New Requirements for 2012 Hawaii Solar/PV Installations to Avoid 2013 Tax Treatment
by Richard Paul McClellan III, JD Supra, 11/19/2012
2012 Residential Renewable Energy Systems Will Be Subject to 2013 Tax Credit Announcements Unless Specific Requirements Are Met.
Consumers, Contractors, And Tax Practitioners Should Be Familiar With Ramifications of Announcement 2012-14 On 2012-"Installed" Systems.
The Hawaii Department of Taxation issued temporary administrative rules regarding renewable energy (usually: solar photovoltaic) systems in early November 2012. Initially, the rules were focused on systems installed after January 1, 2013. (I refer to those as “2013 Systems.”) There have been numerous news reports regarding these announcements.
On November 16, 2012, the Department issued a further announcement, No. 2012-14, relating to 2012 Systems. According to the 2012-14 Notice, 2012 Systems have to pass an augmented and increased standard to be considered “placed in service.” Basically, 2012 Systems are not grandfathered into the 2012 credit regime unless inspection requests are received in 2012 and the system ultimately passes those timely-requested inspection(s).
Failure to meet the requirements of Announcement 2012-14 could have significant financial consequences as solar industry advocates claim the difference between the 2012 credit regime and the 2013 credit regime will be a 50% reduction in credits, on average.

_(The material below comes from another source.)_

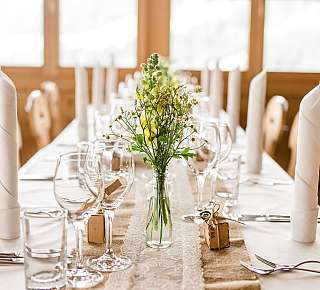 Table dressée de façon festive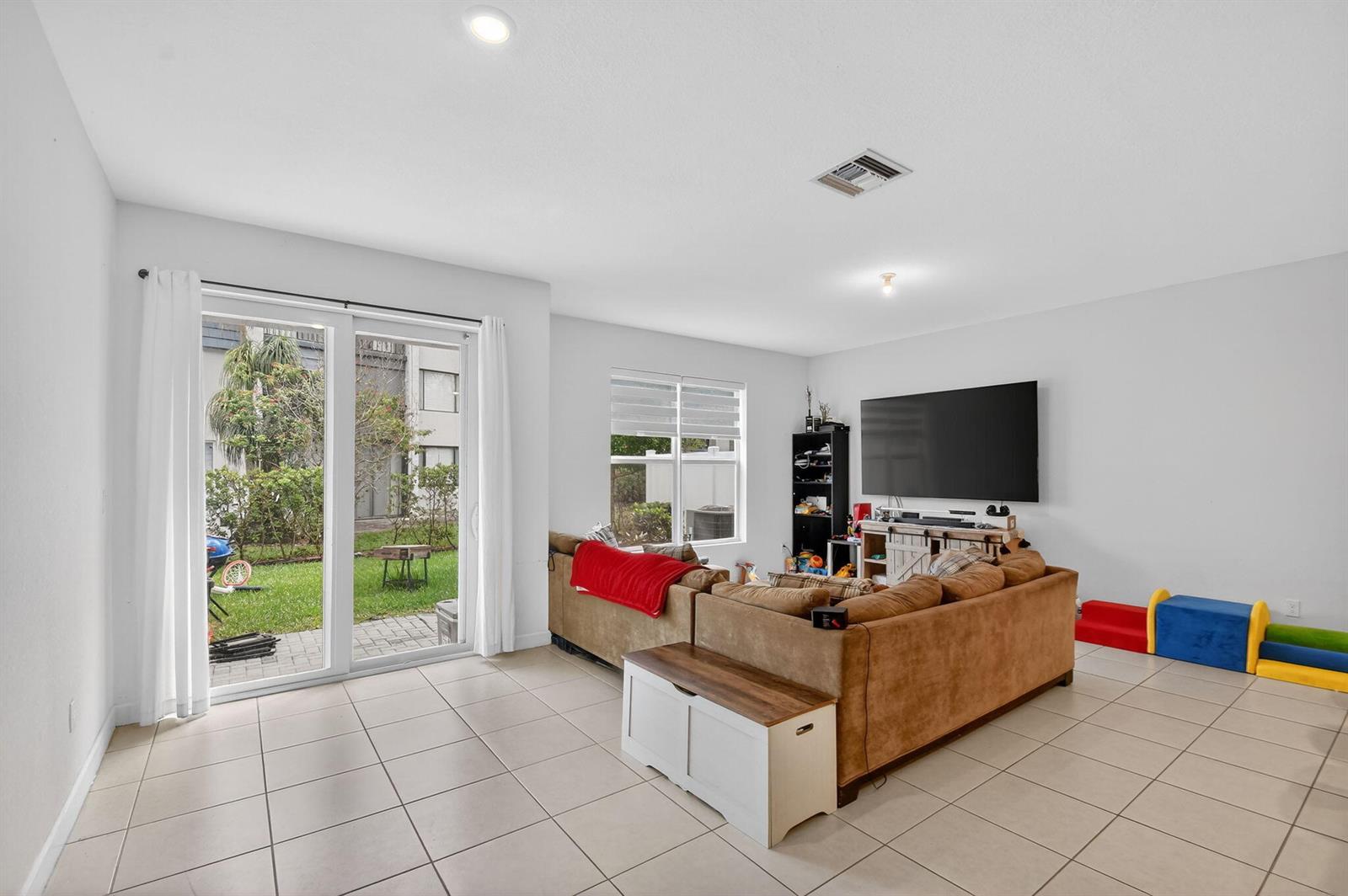 Ver detalles 4326 4 / 1851 sq. ft. $ 2026-05-20 0 foto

Tax practitioners should be aware of potential pitfalls for their clients arising out of the recent announcement. Improperly claimed credits could be disallowed and, depending on the passage of time, an amended claim in a future year could be foreclosed by provisions of Hawaii law. See, HRS 235-12.5(f)["claims for credit shall be filed...before the end of the twelfth month following the close of the taxable year for which the credit may be claimed" or are waived.]